Case study:
Jhajjar-1’s maintenance journey
In a CBG plant, performance is defined by output numbers, as well as the quiet consistency with which the plant shows up every single day. Consistency that is built through maintenance discipline, collective ownership, and the willingness to learn from every intervention.
During November and December 2025, the maintenance journey at Jhajjar Unit-1 reflected this mindset. This case study takes you through the four main good maintenance practices that helped our work:

Preventive, proactive care
Our preventive maintenance program was executed as per plan, achieving over 93% compliance against scheduled activities. Where we faced constraints, we made decisions to protect process stability and safety, ensuring deferred tasks remained visible.

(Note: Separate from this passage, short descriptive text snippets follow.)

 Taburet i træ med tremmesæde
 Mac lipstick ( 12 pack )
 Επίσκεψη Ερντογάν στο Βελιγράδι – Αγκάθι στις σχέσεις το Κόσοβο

Responding to equipment challenges
Preventive care, however, is only one part of the story. The real test of a maintenance organization is in how it responds to equipment challenges. Over these two months, we strengthened the backbone of our operations with focused, corrective interventions: improving material handling reliability through critical hopper replacements; reinforcing process stability with liner and filtration upgrades; and modernizing pumping systems to deliver smoother, more predictable performance. Each action reduced both short-and-long-term risks
Mechanical improvements
Equally important were the mechanical improvements across core process areas — hydrolysers, digesters, decanters, shredders, and extruders. Early detection of abnormal behavior led to timely gearbox, bearing, and rotating equipment interventions, preventing unplanned outages and reinforcing confidence in plant ability. Fire water and utility systems were also upgraded, reminding us that safety-critical assets deserve the same attention as production equipment.
Disciplined teamwork
What truly defined this period, however, was not the list of jobs we completed, but the way teams worked. Maintenance and operations moved as one unit, planning and executing with precision, and validating performance. Root causes were examined, not bypassed. Upgraded components replaced temporary fixes. Repetition became learning, learning became discipline.
This is how a reliability culture is built, not through a major success, but through hundreds of well-executed, consistent and responsible decisions.
As we move forward, the experience from the past two months reinforces a simple truth: when maintenance is proactive, safety-led and collaborative, plant stability follows. Jhajjar-1 moves forward with the motto: 1 intervention, 1 improvement, 1 shared commitment at a time.